Letters to the editor, Nov. 11-14, 2017
Residents should attend S.R. 248 meeting
There is going to be a public input meeting regarding the State of Utah’s desire to (maybe) finally do something about the traffic on the 248 corridor. If a few residents are not familiar with some of the options that have been thrown against the wall they are: 1) One of the States ideas is to build a bypass road where the Rail Trail goes through Prospector. This of course will impact not just the many residents in that neighborhood it will destroy the Rail Trail as we know it. 2) Another State idea is to do nothing; wow that has been their attitude forever 3) And of course the option to widen 248 between the new movie studio and past the High School where it becomes 4 lanes ( This has been my suggestion as it will only require widening the road into the mountain by 8’6”). Along with this solution the removal of the school pedestrian crossing and its replacement with a sky bridge or tunnel is mandate. The stop signals used for this crossing can be moved West by 100 feet or so to the school parking lot exit and used by the school to stop traffic for short periods when school buses are leaving the lot.

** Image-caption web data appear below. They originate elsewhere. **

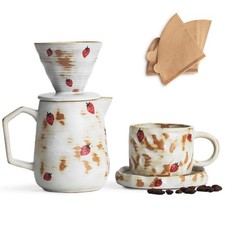 Roperu Handcrafted Pour Over Coffee Maker Set Coffee Cup Strawberry Pattern 20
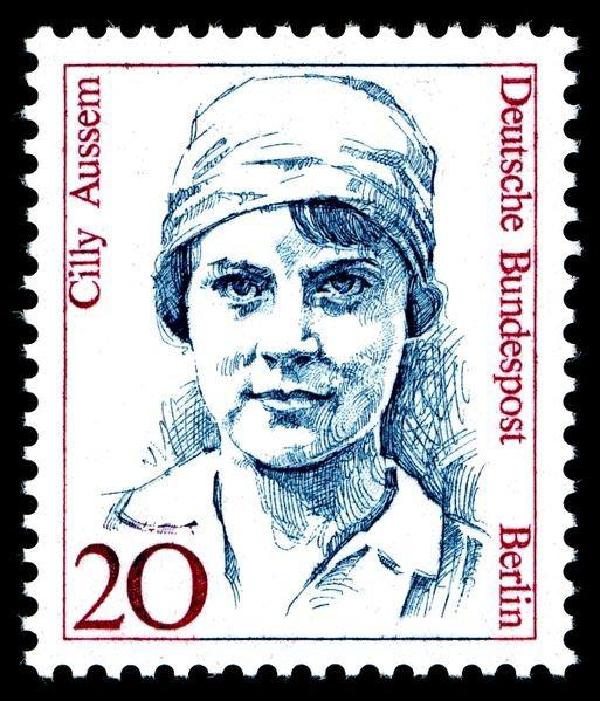 Cilly Aussem, Porträt auf einer Briefmarke aus der Serie 'Frauen der deutschen Geschichte', 1988
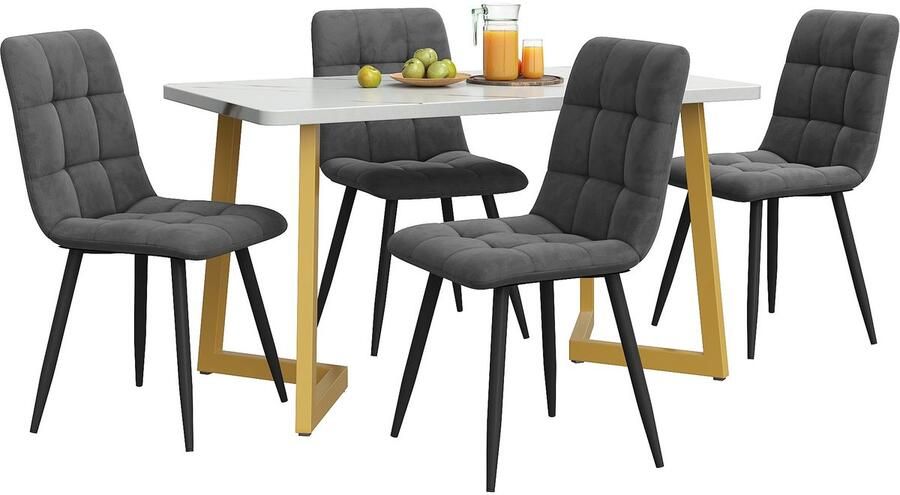 Merax Eetkamerset 117cm Rechthoekig Eettafel met 4 Eetkamerstoelen Moderne Keukentafelset Grijze Fluwelen Stoelen Wit Marmerlook Tafelblad met Gouden Poten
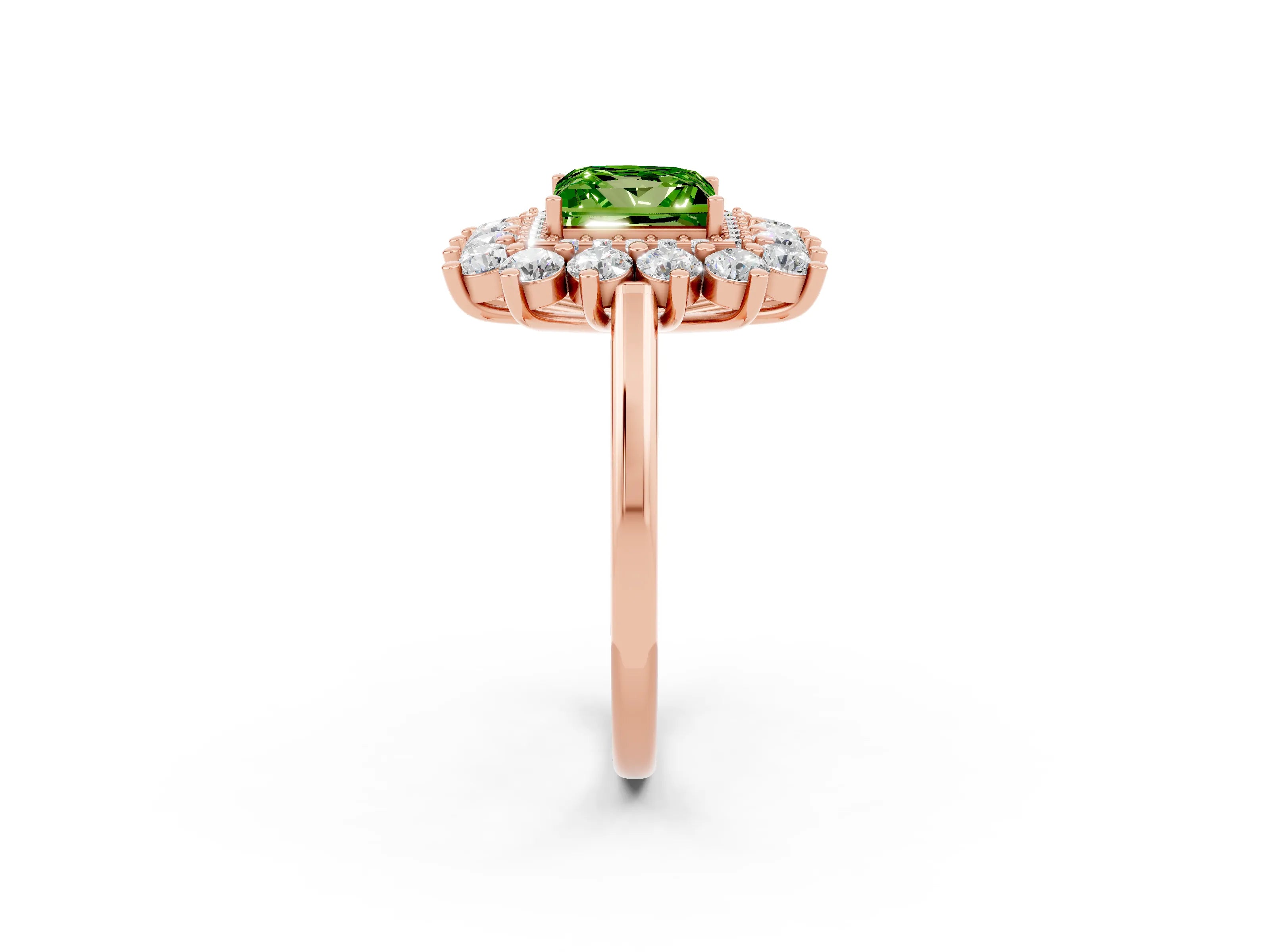 Rose gold Princess Cut Halo Cluster Diamond Ring with Pave Band and Four-Prong Setting_2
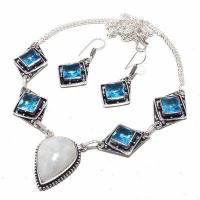 Am 3374d collier boucles oreilles aigue marine bleue 33gr bijou achat vente argent 925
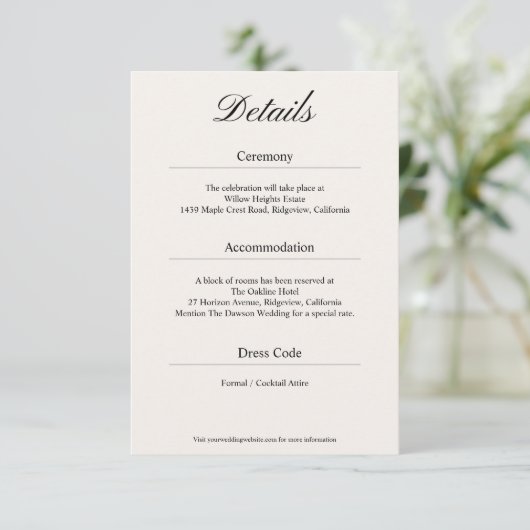 Minimal Simple Black and White Wedding Details Informatiekaartje (Staand voorkant)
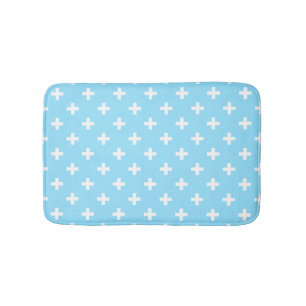 Witte polka kruist op babyblauw badmat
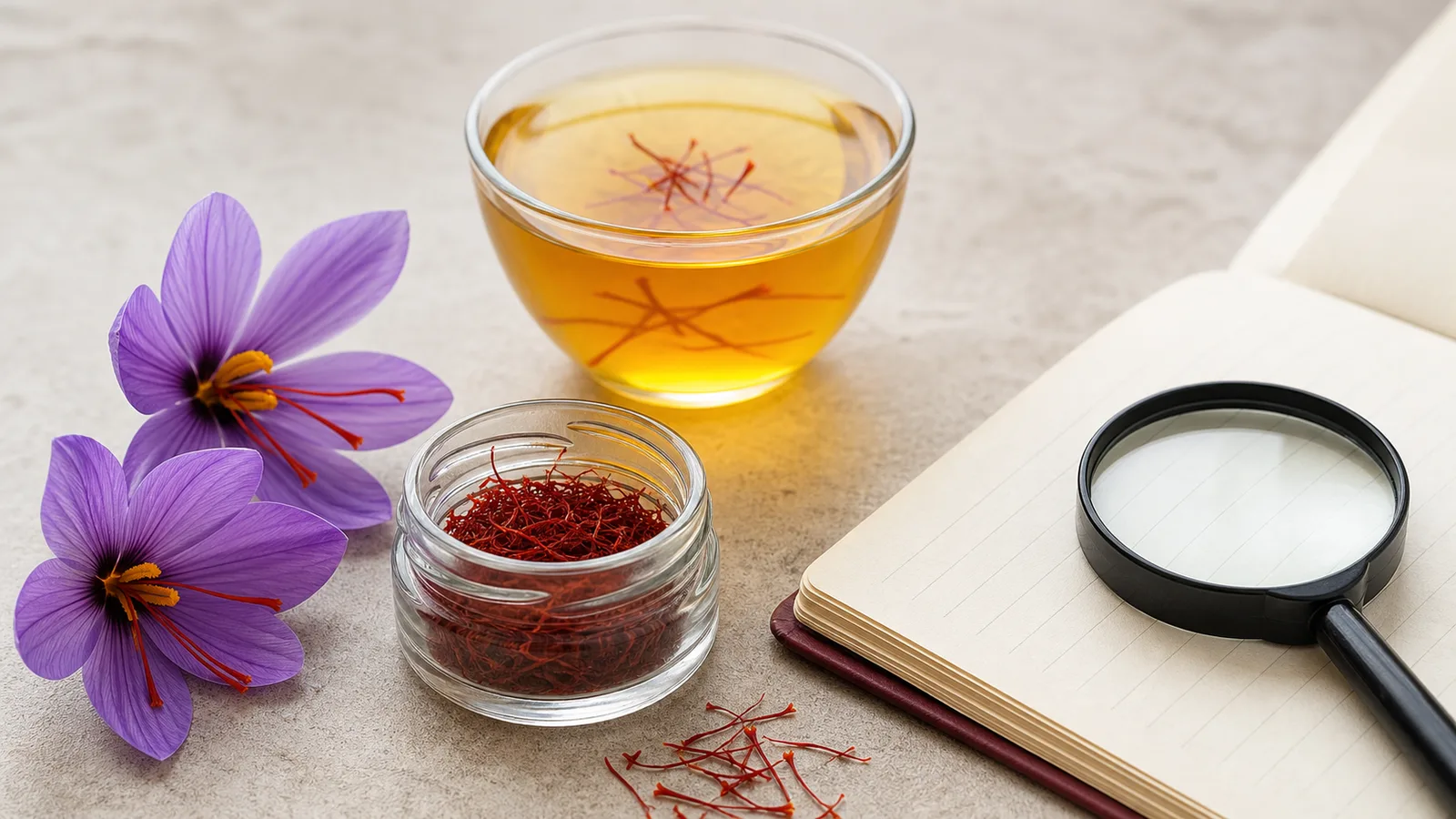 Saffron flowers threads infusion and research notebook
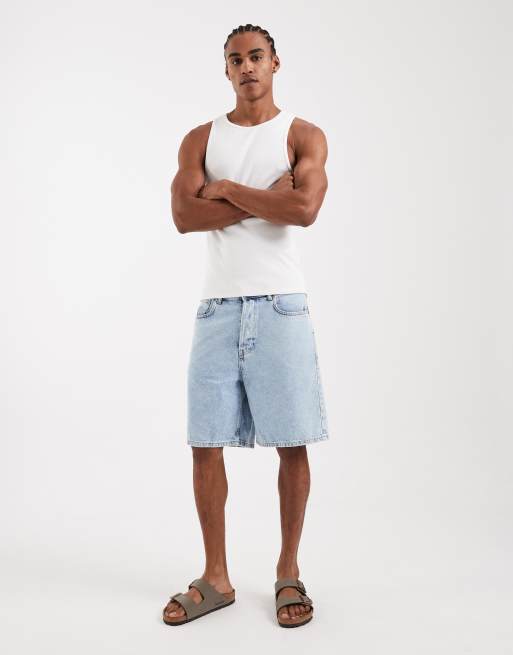 ASOS DESIGN super heavyweight muscle fit vest with high scoop in white rib, 2 of 5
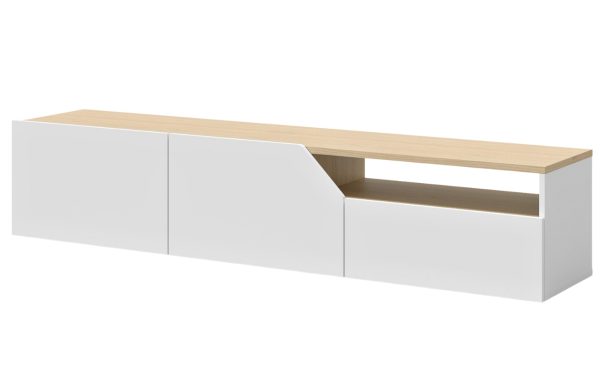 Bílý dubový TV stolek TEMAHOME VERONE 180 x 38 cm  - Výška38 cm- Šířka 180 cm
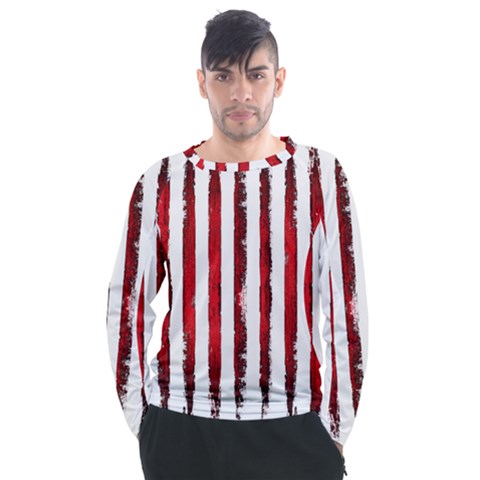 Red Stripes Men s Long Sleeve Raglan Tee by goljakoff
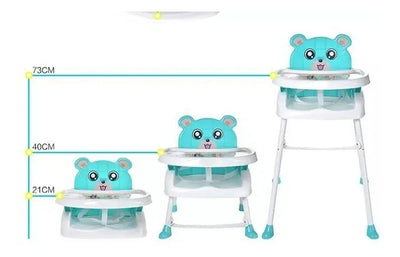 Silla Comedor Para Bebe Portátil Niños 4 En 1 Color Verde Menta Liso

I believe it is important for all Parkites to make their voices heard and demand some reasonable action on this problem. Anyone who has had to come in or out of Park City during the morning or evening hours is aware of the gridlock, in particular around the school.
The meeting will be held Tuesday November 14th between 5-7:30 pm at the Treasure Mountain Junior High.
I would hope you will all join the discussion, I also hope that the entire City Council and our new Mayor will be in attendance to add input to the meeting.
Roger Strand, Park City
A thanks to candidates
Now that the dust has settled and the election results have been announced, I wanted to write and thank my two friends Dana Williams and Andy Beerman for putting themselves out there and working so hard on their campaigns to represent us as our Mayor. Thank you both for being so willing to serve and help Park City deal with the many issues facing us during the upcoming years. Congratulations Andy! I now hope that Dana will continue to be a positive influence behind the scenes as he has been over the past four years since we need his leadership and activism as a citizen for checks & balances of our local government and outside influences. I have lived in Park City for 25 years and although we have more serious issues facing us than ever before, I have never been more excited about our future. Steve Joyce and Tim Henney will be great assets to Andy as they navigate our issues. Thanks again to all for being willing to serve our local community!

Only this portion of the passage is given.